A usage amount of the flame retardant additive generally ranges between 0.5 PHR and 2.0 PHR, preferably ranges between 0.7 PHR and 1.5 PHR, and more preferably ranges between 0.8 PHR and 1.2 PHR. In addition, a usage amount of the carbon forming additive generally ranges between 0.2 PHR and 1.0 PHR, preferably ranges between 0.3 PHR and 0.9 PHR, and more preferably ranges between 0.4 PHR and 0.8 PHR.
Further, a total added amount of the flame retardant additive and the carbon forming additive is generally not greater than 3 PHR (preferably between 2.5 PHR and 1.5 PHR, and more preferably between 2 PHR and 1.5 PHR). That is to say, each of the flame retardant additive and the carbon forming additive has a low added amount.
In terms of ratio range, a ratio range of the flame retardant additive to the carbon forming additive is generally between 10/1 and 1/2, preferably between 8/1 and 1/1, and more preferably between 7/1 and 2/1. That is to say, an amount of the flame retardant additive is generally between 10 times and 0.5 times (preferably between 8 times and 1 times, and more preferably between 7 times and 2 times) an amount of the carbon forming additive.
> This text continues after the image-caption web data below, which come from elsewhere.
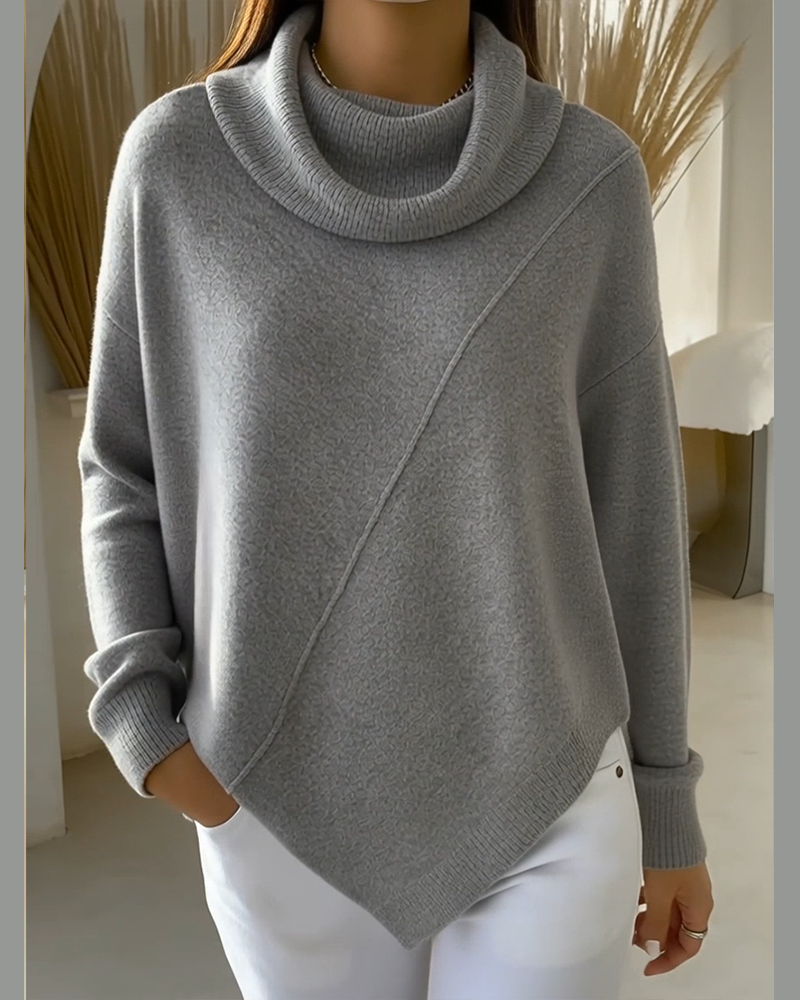 Trui Asymmetrische Cowl Hals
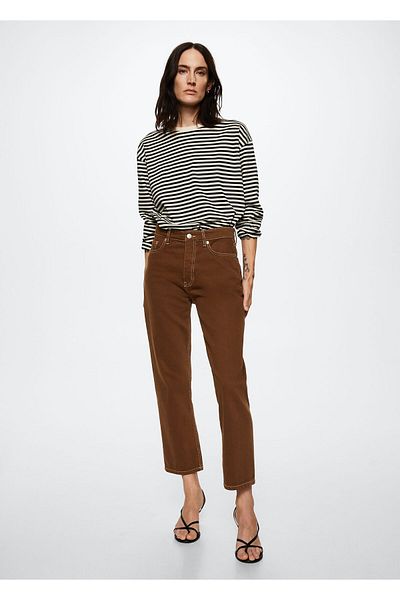 MANGO Hnědé dámské džíny 37094381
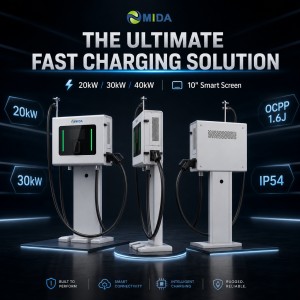 MIDA 40kW Wall Mounted DC Fast EV Charger Single NACS Plug for Commercial Fleet Depot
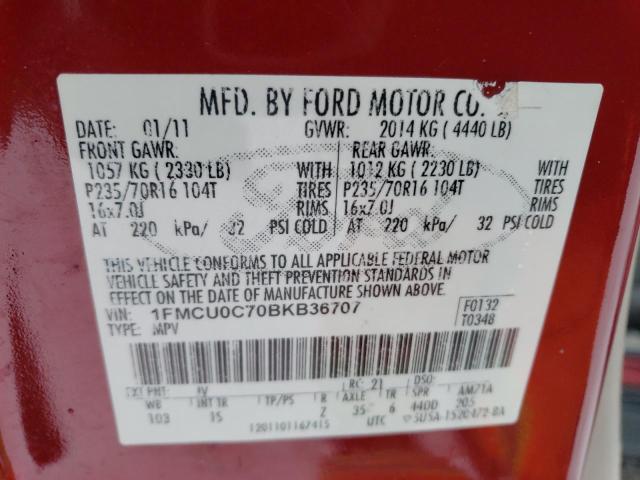 1FMCU0C70BKB36707 - 2011 FORD ESCAPE XLS RED photo 12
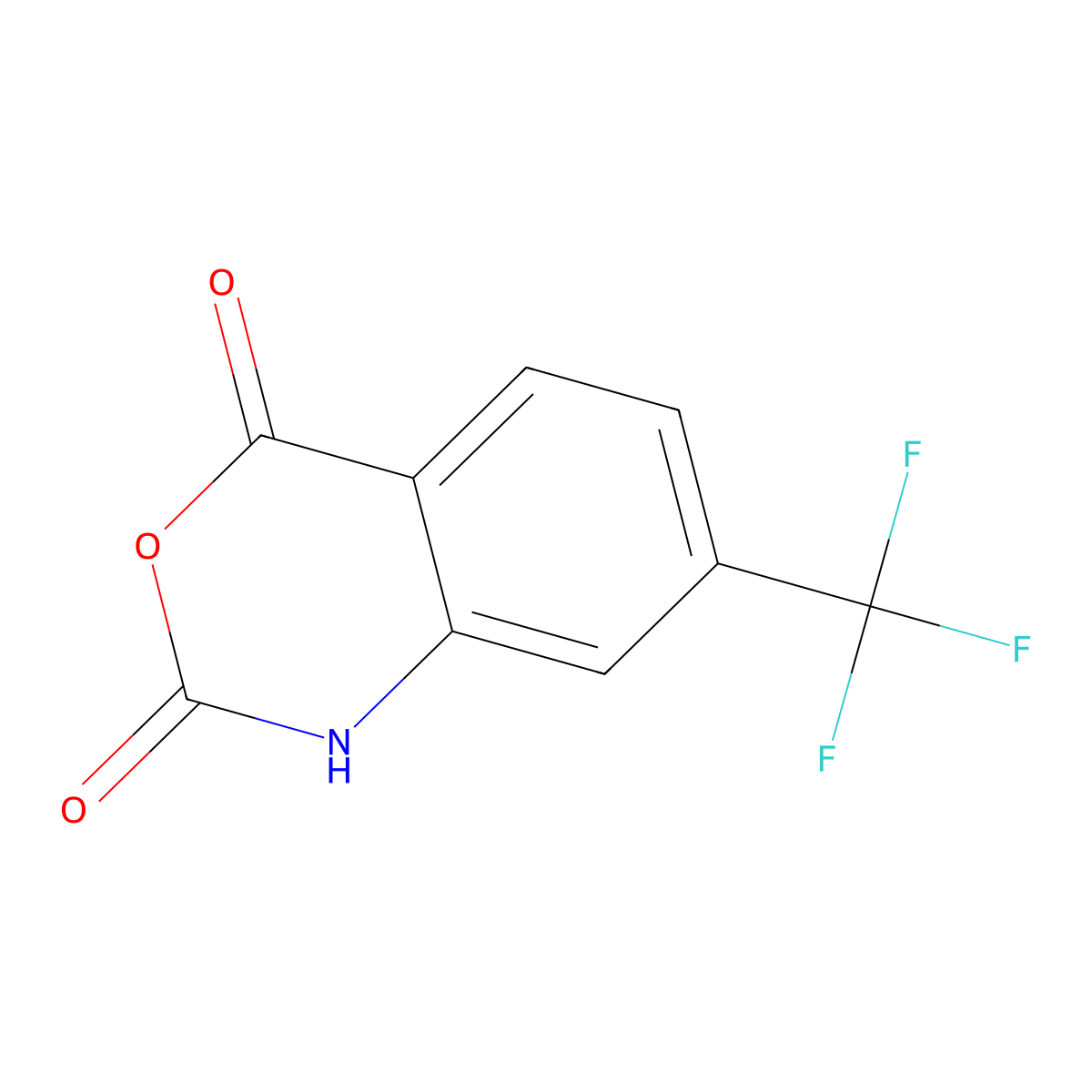 7-(trifluoromethyl)-2,4-dihydro-1H-3,1-benzoxazine-2,4-dione molecular structure, CAS 97928-01-3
According to the above-mentioned configuration, since the modifier is a component (e.g., zinc oxide) capable of rapid carbon formation at a high temperature, the flame retardant additive not only has a flame retardant effect per se, but also possesses an effect of accelerating carbon formation through modification of the modifier. Therefore, the total added amount of the flame retardant additive and the carbon forming additive in the polyvinyl chloride resin material can be effectively reduced.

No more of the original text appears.